Saying what he did ticked off extreme 'party above all' Republicans, but they didn't like him much to begin with so no loss there. To pretty much everyone else - Dems, more moderate Republicans, and perhaps even some of those more extreme people in areas hit hard by Sandy - he comes off as having his priorities in order, giving credit where it's due, and being willing to get to work for the people who elected him.

Fox's anchors prompted Christie's statements with their questions. I think they were expecting him to fall in line like a good party member, but that just wasn't going to happen in this case at least.

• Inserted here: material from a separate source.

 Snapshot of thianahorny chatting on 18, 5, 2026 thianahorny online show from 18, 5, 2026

hinoema 10th-Nov-2012 07:42 am (UTC)
Aren't these the same people who were saying "Who cares, NY and NJ are blue anyway"? I hope Christie tells them to feck off and tries to help build a better party without the Koch brothers and Trump and that lot.
tiddlywinks103 10th-Nov-2012 09:30 am (UTC)

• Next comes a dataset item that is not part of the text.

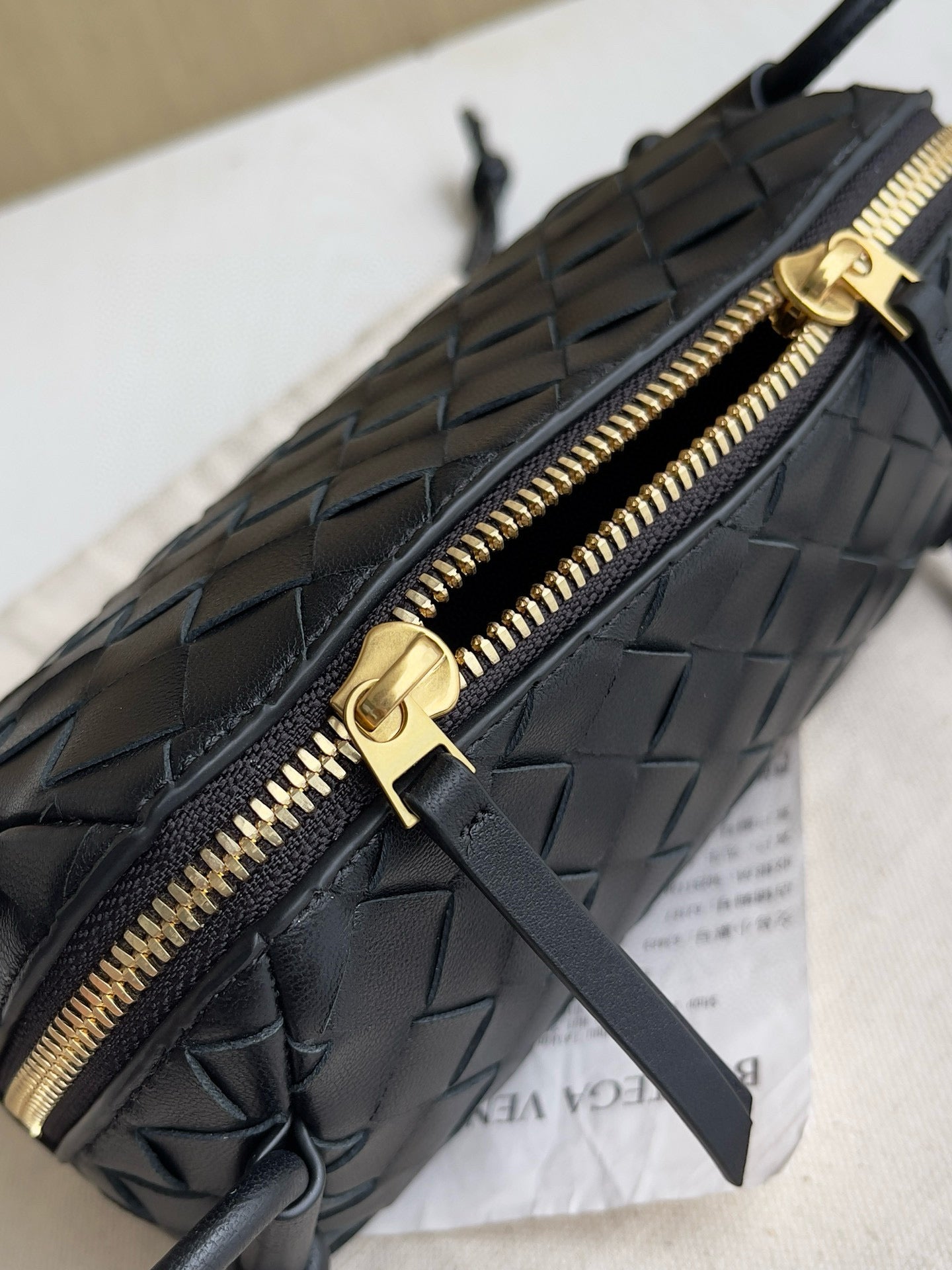 BV Intrecciato Concert Pouch Bag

Republicans eat their own, because a party of self-deludingly lazy, selfish people will always find a scapegoat closest to them to blame, it lets them spew abuse at others, and validates their self-worth.
thistlerose 10th-Nov-2012 07:26 pm (UTC)
They never learn.

Despite my strong dislike of Christie, I was moved by his genuine concern for his state; it didn't seem like posturing at all. I hope he remembers the way his own party treated him.
beautyofgrey 10th-Nov-2012 10:37 pm (UTC)
I have a sort of grudging respect for Gov. Christie, because he seems to be a little more old-school/fiscally conservative Republican and less of the neo-con, extremist element that seems to have taken the party into a trip in to BatshitCrazyLand. I'm not really surprised to see that element throw him under the bus, though. That may endear Gov. Christie to independents more, and may actually help him come 2016.